July 9, 2008

Benefits issues and Same-sex Marriages

According to a California Supreme Court decision rendered on May 15, 2008, same-sex couples are able to enter into marriage, beginning June 16th. There is a possibility that this matter will come up for popular vote in the November elections in the State of California.  California is the second state, Massachusetts being the first, to sanction same-sex marriages.  Providing benefits to individuals in either same-sex marriages or domestic partnerships, whether mandated or voluntary, raises many benefit issues. 

Generally, marriage is determined by state law.  Although the federal Defense of Marriage Act (DOMA) defines marriages for many rights and privileges conferred by federal law, the federal DOMA does not, in all instances, mirror a state’s definition of marriage, particularly in states that recognize same-sex marriage. 

Following is a brief discussion of some of the benefit-related issues that can arise with regard to differences in state and federal laws, and same-sex marriage, civil unions, and domestic partnerships:

The federal tax code provides many tax-favored benefits to employees and their qualified dependents, including qualifying children, qualifying relatives, and spouses.  If a same-sex partner, whether through a domestic partnership or through marriage, does not meet the federal tax definition of a qualifying child, qualifying relative, or spouse, there can be no federal tax advantage for providing these benefits.  However, there may be a state tax advantage in those states that recognize same-sex marriage, as well as in states that allow state tax advantage for individuals in a civil union or registered domestic partnership.  If the same-sex individual does not meet the federal tax definition, the cost of providing the benefit, determined on a fair market value (FMV) cost of providing the benefit, such as health insurance, would be includible in the employee’s income.  There is little guidance on how to determine FMV.  The IRS and Treasury Department have indicated that FMV is determined by what it would cost to obtain the benefit in an arm’s length transaction. 

The general thought is that, for health plan purposes, for example, using the COBRA rate, less the 2% administrative fee, would be a reasonable way to determine FMV.  If there is one non-dependent, the single COBRA rate would be used; if there are multiple non-dependents, such as a domestic partner and the children of a domestic partner, the comparable family COBRA rate would be appropriate. 
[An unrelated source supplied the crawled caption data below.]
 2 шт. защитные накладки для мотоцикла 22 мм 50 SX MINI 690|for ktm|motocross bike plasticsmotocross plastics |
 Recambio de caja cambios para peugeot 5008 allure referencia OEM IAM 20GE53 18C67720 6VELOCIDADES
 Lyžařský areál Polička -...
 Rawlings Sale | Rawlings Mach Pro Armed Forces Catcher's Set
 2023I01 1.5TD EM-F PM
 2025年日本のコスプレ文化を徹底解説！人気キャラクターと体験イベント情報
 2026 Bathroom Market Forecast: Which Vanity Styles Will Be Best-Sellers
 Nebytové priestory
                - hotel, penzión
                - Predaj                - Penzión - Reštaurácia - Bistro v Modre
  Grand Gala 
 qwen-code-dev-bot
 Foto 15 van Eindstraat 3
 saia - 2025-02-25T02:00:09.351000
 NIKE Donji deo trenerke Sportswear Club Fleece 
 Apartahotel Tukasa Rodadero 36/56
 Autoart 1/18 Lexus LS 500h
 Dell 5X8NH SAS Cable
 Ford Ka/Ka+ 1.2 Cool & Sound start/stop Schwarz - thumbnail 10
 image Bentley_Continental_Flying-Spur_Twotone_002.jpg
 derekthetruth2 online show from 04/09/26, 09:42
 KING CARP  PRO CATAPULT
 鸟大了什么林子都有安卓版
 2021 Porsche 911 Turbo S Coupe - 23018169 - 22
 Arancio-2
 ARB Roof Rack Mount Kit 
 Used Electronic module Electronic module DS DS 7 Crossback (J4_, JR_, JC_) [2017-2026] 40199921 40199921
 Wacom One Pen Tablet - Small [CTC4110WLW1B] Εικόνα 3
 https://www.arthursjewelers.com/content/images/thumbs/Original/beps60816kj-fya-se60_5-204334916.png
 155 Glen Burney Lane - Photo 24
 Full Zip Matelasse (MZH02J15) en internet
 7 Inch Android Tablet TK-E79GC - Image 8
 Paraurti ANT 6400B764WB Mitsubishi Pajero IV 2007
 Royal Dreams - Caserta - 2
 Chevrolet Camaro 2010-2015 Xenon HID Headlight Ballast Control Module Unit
The employee’s share of providing benefits to the non-dependent must be paid on an after-tax basis.  The recently issued proposed cafeteria plan regulations would allow the premium for the nondependent to be paid on a pre-tax basis, with the FMV of providing the benefit imputed into the employee’s income.  The medical expenses of a nondependent cannot be reimbursed from a flexible medical spending account, a health reimbursement account, or a health savings account.

Other federal laws providing benefits to dependents and spouses include COBRA, HIPAA, including portability and special enrollment, and FMLA.  The benefits available through these laws are not available to non-dependents.  If an employer wishes to extend some or all of these benefits to non-dependents, the employer’s plan(s) would have to be amended, for example, to provide COBRA-like benefits, or to provide special enrollment opportunities. 

States that recognize same-sex marriages, and states that recognize other kinds of same-sex unions, such as civil unions or registered domestic partnerships, may extend benefits, such as leave rights or continuation rights, to affected individuals.  Employers will have to be able to discern when a federal right, such as a federal entitlement to FMLA leave, applies in which case the benefit is not extended to non-dependents, versus a state law, such as the California Family Rights Act which would be available to same-sex spouses in California or registered domestic partners. 

This area of the law is very much in a state of evolution and flux.  Employers must do their best to tackle a moving target.


The information contained in this Benefit Beat is not intended to be legal, accounting, or other professional advice, nor are these comments directed to specific situations.

As required by U.S. Treasury rules, we inform you that, unless expressly stated otherwise, any U.S. federal tax advice contained in this Benefit Beat is not intended or written to be used, and cannot be used, by any person for the purpose of avoiding any penalties that may be imposed by the Internal Revenue Service.